Innovation in China­ ­– Part 1/2

February 12, 2012

Ever since the debate with Troy Parfitt, I’ve been interested to discover if there was a way to measure global innovation to learn how China compares to other nations such as the United States, Singapore and Canada.

In fact, there is a way. It’s called The Global Innovation Index 2011. Since 2007, INSEAD eLab has been producing this index, which recognizes the key role of innovation as a driver of economic growth and prosperity.

Through a complex method of gathering data, INSEAD eLab and its global partners compiled the annual results.

China may not be the world’s number one country on this global index, but it is ranked twenty-ninth of the 125 countries on the list and it has a score of 46.43. The lowest rank went to Algeria, which had a score of 19.79. The highest went to Switzerland with a score of 63.82.

By comparison, the United States ranked seventh with a score of 56.57. However, one region of China beat the US and was ranked fourth—Hong Kong (SAR) with a score of 58.8. Canada was ranked eighth and Singapore, with 76.8% of its population Chinese influnced by Confucian values, ranked third.


Global Innovation Index 2011

The Global Innovation Index ranks countries with a complex series of measurements that are described in detail in a fifty-four page pdf document, which may be accessed from the Global Innovation Web site (see link above).

The pillars used for measuring innovation are: Institutions, human capital and research, infrastructure, market sophistication, business sophistication, input, scientific outputs, creative outputs, output, and efficiency.

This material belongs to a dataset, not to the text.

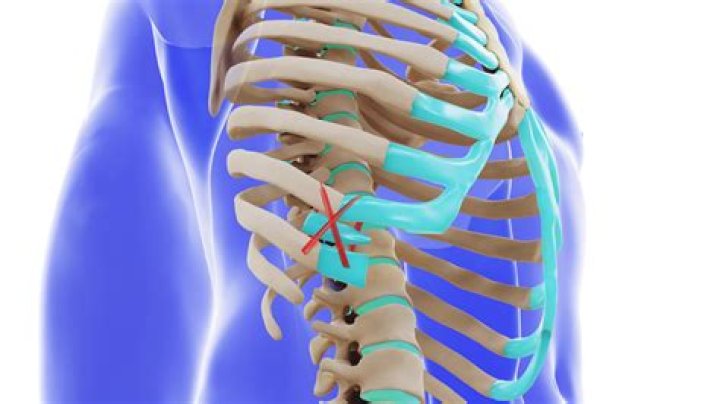 How long does rib dysfunction take to heal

INSEAD has four partners that help compile the data that results in the Global Innovation Index—they are: The World Intellectual Property Organization at the UN (WIPO), Alcatel-Lucent, CII (Construction Industry Institute), and Booz & Company. In addition, INSEAD’s advisory board is comprised of senior representatives from organizations such CERN (European Organization for Nuclear Research), UNESCO (United Nations Educational, Scientific and Cultural Organization), and ITU.

Why is it important to the global economy to identify countries that have a rich environment for innovation? Professor Dutta says, “Both developed and developing countries realize that innovation is the only way that they can guarantee the competitiveness going forward. It is also important because innovation is important to inspire young people in an economy.”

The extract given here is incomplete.